今回は2021年9月入社、ソーシャルスクエア水前寺店で就労移行支援の支援員として働く山口麗子をご紹介。大学卒業後、民間企業に入社。在職中、JICA海外協力隊(職種:環境教育)としてインドネシアに2年間赴任。帰国後に復職し、人事・総務職に数年携わる。コロナ禍の中、社会で本当に必要とされている仕事をしたいという思いからソーシャルデザインワークスに入職をする。様々な経験を積み重ねた彼女の仕事観とは。
※掲載内容は取材当時のものです
その人に合った対話とアプローチ
私はソーシャルスクエア水前寺店の就労移行支援の支援員として2021年の9月から働いています。就労移行支援は一般企業への就職・復職を目指す方が多くいらっしゃいますので、就労移行の支援クルーは、ご利用メンバーさんが就労に対して何を感じ、考えているのか、ご本人の考えを引き出す力が重要となってきますね。
就労移行支援は基本的に2年間で就職を目指すサービスなので、その期間内で就職、または本人の希望通りの状態になるために、定期的な面談を実施して今後の行動について話し合いをします。やはり、別の人間同士なので自分とご利用メンバーさんとの価値観の違い、イメージのズレというものは発生しますので、そういったズレの確認のためにも面談は非常に大事な時間だと思っています。
就労移行支援のご利用メンバーさんとの話し合いの中では、就職への意欲が湧かず、まずなにをしたらいいかわからないと悩む方もいらっしゃれば、反対に就職への気が急いてしまって、ご本人のキャパシティーを超えた就職までの計画を提案される方もいらっしゃいます。ご利用メンバーさんの意見を尊重していきたい気持ちはありますが、私たち支援クルーは、ご利用メンバーさんが希望する業種や勤務方法で就職した場合、その後もしっかりと働き続けることができるか先を見据えて支援する必要があります。
ご本人にとって「できる」と思って希望していることが、支援視点から現実をみると「今はまだ困難」と判断することもあり、話し合いで希望と現実のギャップがみられた場合は、ご本人の状況を認識していただく為、その現実について伝えていきます。ご本人の今後の意欲に関わることでもあるので、伝え方は慎重になりますね…。

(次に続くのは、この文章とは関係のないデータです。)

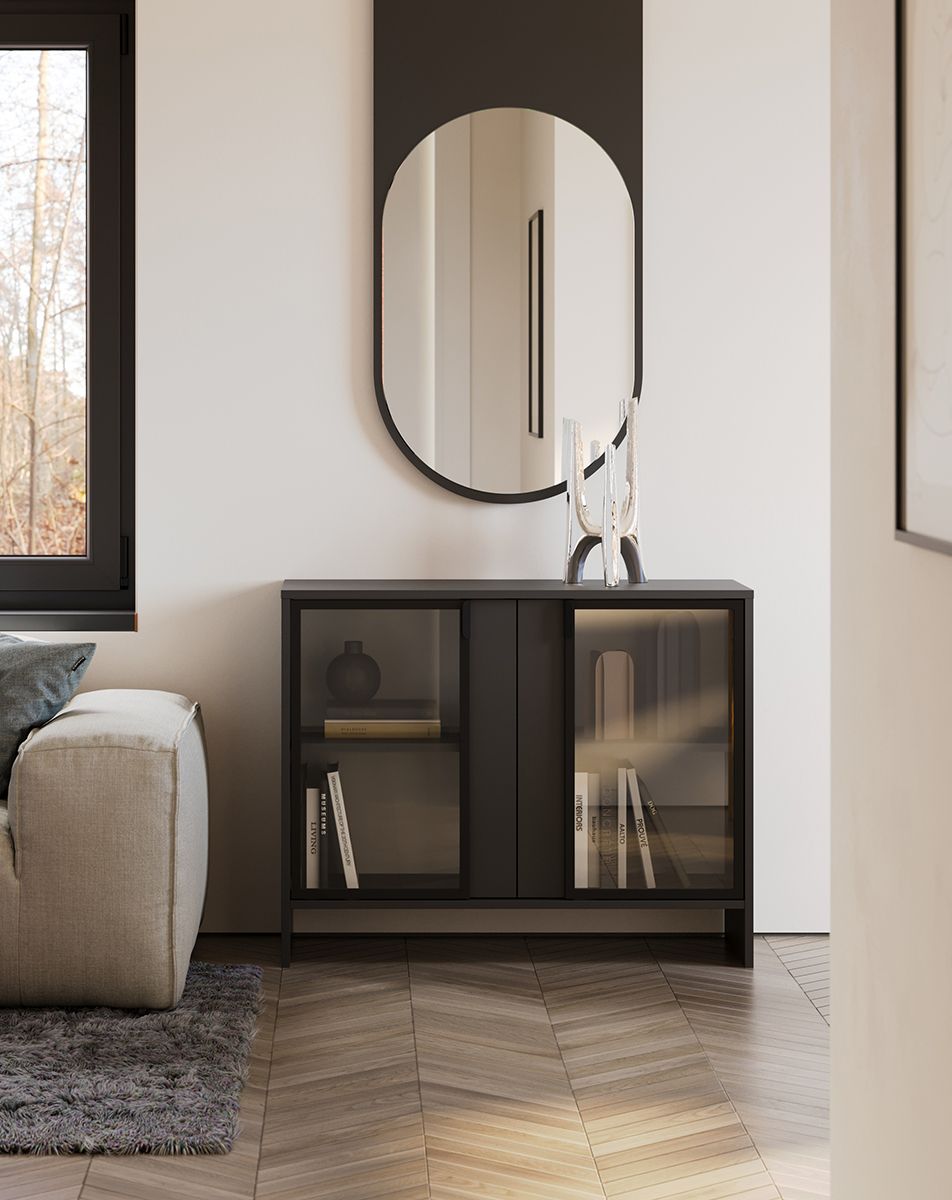 LAYERS niedrige Vitrine LAY51
Farbe: Deep Basalt
Farbe der Frontplatte: Deep Basalt
Griff: LAYERS 110 Deep Basalt Griff
Glasart: Glattes Glas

こういった事例に対して入社したばかりの時は、どのようにしたら本人を否定しない形で、その状況を理解してもらえるのだろうとめちゃくちゃ悩みました。というか今でも悩んでます。できる限りご利用メンバーさんが今後も働くことに対して意欲が損なわれないように、アプローチの仕方も個人に合わせて考えたりしてて…自分の説明だけでは難しそうだったら、ご本人の担当主治医に説明していただいたり、ご家族からの協力を得たり、ご本人の適性を知ってもらうために実習にいってもらったり。当時はわからないことだらけでしたので、支援について管理者やサービス管理責任者はもちろん、ベテランクルーや、理事の今泉さんにも相談してましたね。ソーシャルスクエアが拠点も上下関係も気にせず相談できる組織で良かったです。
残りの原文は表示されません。